Texas Attorney General Ken Paxton, a Republican, has sued to revoke the license to operate of Annunciation House in the border city of El Paso, after a judge sided with the nonprofit and allowed it 14 days to respond to a demand for records by Paxton. Paxton’s office requested among other things logs identifying people to whom the organization has provided services.
Paxton’s office said in a statement Tuesday that public records it has reviewed suggest the organization has been helping undocumented people enter the country, among other things.
But Jerome Wesevich, the Texas RioGrande Legal Aid attorney representing Annunciation House, said Paxton’s lawsuit to shut down Annunciation House and its shelters has never been about obtaining documents.
“What they wanted was a pretext to shut us down,” Wesevich told NBC News.

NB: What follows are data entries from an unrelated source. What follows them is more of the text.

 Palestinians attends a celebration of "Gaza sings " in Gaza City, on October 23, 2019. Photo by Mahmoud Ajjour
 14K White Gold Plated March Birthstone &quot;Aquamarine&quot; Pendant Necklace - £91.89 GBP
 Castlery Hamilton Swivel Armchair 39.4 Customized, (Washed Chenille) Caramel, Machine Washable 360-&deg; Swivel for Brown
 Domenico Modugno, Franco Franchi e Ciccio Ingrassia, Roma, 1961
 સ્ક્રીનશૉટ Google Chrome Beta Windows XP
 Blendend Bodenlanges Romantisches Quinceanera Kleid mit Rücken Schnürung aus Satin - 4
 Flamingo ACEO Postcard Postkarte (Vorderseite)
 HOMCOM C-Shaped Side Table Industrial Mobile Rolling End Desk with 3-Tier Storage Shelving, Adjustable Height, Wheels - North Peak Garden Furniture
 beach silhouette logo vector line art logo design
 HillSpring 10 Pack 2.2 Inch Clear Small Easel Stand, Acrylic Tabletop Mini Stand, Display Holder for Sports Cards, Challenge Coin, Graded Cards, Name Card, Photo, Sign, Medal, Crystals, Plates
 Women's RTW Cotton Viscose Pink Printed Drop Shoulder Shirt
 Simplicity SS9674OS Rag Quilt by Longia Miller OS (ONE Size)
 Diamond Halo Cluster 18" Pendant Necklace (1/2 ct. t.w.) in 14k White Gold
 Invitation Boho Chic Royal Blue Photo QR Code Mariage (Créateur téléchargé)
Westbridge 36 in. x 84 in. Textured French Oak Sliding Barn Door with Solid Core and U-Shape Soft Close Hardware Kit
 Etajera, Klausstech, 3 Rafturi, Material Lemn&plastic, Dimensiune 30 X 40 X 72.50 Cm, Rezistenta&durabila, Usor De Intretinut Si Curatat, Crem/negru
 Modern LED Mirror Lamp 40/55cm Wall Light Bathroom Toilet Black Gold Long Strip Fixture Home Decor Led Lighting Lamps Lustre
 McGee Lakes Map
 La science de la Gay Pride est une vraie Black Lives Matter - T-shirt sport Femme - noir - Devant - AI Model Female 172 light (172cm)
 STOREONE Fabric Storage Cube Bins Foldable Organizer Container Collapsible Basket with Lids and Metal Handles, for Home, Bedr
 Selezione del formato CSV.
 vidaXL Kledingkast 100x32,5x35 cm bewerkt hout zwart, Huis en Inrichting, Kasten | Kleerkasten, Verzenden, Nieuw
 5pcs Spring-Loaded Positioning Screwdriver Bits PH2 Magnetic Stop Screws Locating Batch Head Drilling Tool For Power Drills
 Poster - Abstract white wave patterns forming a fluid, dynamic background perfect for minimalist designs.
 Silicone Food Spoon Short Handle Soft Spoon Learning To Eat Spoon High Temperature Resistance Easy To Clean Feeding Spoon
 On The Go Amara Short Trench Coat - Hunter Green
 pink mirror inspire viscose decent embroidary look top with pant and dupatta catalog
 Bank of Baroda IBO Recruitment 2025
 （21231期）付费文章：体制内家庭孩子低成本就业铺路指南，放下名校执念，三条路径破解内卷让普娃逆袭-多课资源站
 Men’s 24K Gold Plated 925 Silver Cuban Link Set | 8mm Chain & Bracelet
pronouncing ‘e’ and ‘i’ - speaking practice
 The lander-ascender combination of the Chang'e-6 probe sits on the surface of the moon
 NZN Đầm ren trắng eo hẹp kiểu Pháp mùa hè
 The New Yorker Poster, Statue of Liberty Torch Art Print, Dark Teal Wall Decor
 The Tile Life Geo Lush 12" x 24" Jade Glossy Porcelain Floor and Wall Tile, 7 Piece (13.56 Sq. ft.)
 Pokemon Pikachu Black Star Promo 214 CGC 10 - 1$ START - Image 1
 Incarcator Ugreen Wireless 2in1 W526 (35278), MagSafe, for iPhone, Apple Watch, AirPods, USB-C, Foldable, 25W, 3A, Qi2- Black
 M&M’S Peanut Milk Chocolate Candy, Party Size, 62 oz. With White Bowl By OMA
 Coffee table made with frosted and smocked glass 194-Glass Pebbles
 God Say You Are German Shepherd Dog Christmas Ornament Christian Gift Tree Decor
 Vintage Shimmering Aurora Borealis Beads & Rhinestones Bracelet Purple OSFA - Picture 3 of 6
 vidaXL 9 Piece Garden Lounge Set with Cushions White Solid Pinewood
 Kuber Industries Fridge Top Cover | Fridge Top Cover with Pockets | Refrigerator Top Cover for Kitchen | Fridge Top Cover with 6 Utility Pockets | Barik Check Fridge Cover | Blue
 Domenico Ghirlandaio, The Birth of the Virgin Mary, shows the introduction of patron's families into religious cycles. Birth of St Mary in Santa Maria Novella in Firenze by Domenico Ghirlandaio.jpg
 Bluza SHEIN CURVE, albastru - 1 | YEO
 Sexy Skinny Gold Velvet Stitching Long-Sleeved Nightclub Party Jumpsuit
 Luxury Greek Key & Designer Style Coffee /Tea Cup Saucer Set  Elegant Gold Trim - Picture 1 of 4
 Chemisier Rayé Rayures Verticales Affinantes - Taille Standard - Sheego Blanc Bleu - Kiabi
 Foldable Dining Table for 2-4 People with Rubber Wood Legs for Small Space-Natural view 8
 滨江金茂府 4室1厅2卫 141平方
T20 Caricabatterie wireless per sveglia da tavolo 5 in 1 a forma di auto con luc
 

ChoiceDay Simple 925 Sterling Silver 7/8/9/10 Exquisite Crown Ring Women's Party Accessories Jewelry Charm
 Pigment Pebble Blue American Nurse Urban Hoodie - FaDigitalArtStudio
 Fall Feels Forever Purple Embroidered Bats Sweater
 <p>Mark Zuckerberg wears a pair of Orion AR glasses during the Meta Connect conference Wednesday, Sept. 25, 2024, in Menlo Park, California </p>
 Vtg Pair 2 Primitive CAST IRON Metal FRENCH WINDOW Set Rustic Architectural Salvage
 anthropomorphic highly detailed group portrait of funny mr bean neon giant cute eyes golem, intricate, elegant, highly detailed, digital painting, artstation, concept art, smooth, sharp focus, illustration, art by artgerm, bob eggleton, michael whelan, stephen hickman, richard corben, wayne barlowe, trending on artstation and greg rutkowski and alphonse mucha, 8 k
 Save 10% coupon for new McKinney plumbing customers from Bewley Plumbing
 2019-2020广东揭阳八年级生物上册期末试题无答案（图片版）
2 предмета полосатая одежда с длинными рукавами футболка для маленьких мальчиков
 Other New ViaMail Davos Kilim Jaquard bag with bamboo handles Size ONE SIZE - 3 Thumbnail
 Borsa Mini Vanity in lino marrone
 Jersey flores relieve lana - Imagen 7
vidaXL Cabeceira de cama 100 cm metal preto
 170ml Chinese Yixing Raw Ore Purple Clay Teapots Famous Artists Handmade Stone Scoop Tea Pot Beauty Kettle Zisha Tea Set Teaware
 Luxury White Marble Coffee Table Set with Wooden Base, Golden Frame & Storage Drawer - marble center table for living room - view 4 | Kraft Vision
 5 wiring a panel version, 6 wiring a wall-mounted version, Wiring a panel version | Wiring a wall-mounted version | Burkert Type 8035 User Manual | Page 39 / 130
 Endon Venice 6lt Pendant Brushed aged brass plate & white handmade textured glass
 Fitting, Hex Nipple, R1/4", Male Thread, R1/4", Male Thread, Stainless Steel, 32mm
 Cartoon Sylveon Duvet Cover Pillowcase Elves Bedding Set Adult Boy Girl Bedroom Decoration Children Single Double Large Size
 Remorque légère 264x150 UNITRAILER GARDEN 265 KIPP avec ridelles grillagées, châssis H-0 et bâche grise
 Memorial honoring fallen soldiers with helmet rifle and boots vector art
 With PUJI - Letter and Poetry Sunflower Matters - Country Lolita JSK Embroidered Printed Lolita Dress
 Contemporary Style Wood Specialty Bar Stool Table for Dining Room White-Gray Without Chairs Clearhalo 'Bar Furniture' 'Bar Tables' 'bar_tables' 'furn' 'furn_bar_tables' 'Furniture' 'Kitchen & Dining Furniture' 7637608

A new Texas law that enhances penalties for the smuggling of people across the border went into effect on Feb. 6 “and they were at our door Feb. 7,” Wesevich said. “That smells.”
The new law is one of several Texas Gov. Greg Abbott signed last year. It drives up minimum penalties for human smuggling or operating a stash house.
Annunciation House, which operates several shelters in El Paso and across the border in Ciudad Juarez, Mexico, first filed suit when the attorney general’s office issued an administrative subpoena. The group asked for 30 days to respond, according to Wesevich, but Paxton’s office said it must respond that day or face shutdown.
Wesevich said there was no negotiation when he asked for more time, “just a rude email response that said you must comply in one day.”
In addition to time to gather the documents, Annunciation House needed to determine what it could legally release to the state, Wesevich said.
Annunciation House, founded and run by Ruben Garcia since 1978, has been providing shelter for migrants and refugees for decades.
The organization has worked with Immigration and Customs Enforcement and Customs and Border Protection in this and at least the previous two administrations to house people whom the agencies have processed and released, who often have been permitted into the country while they await hearings.
Wesevich said people already processed and released by immigration authorities are whom Annunciation House is sheltering almost exclusively these days because of how the system of dealing with migrants is set up in El Paso. Many turn themselves over to immigration authorities and request asylum.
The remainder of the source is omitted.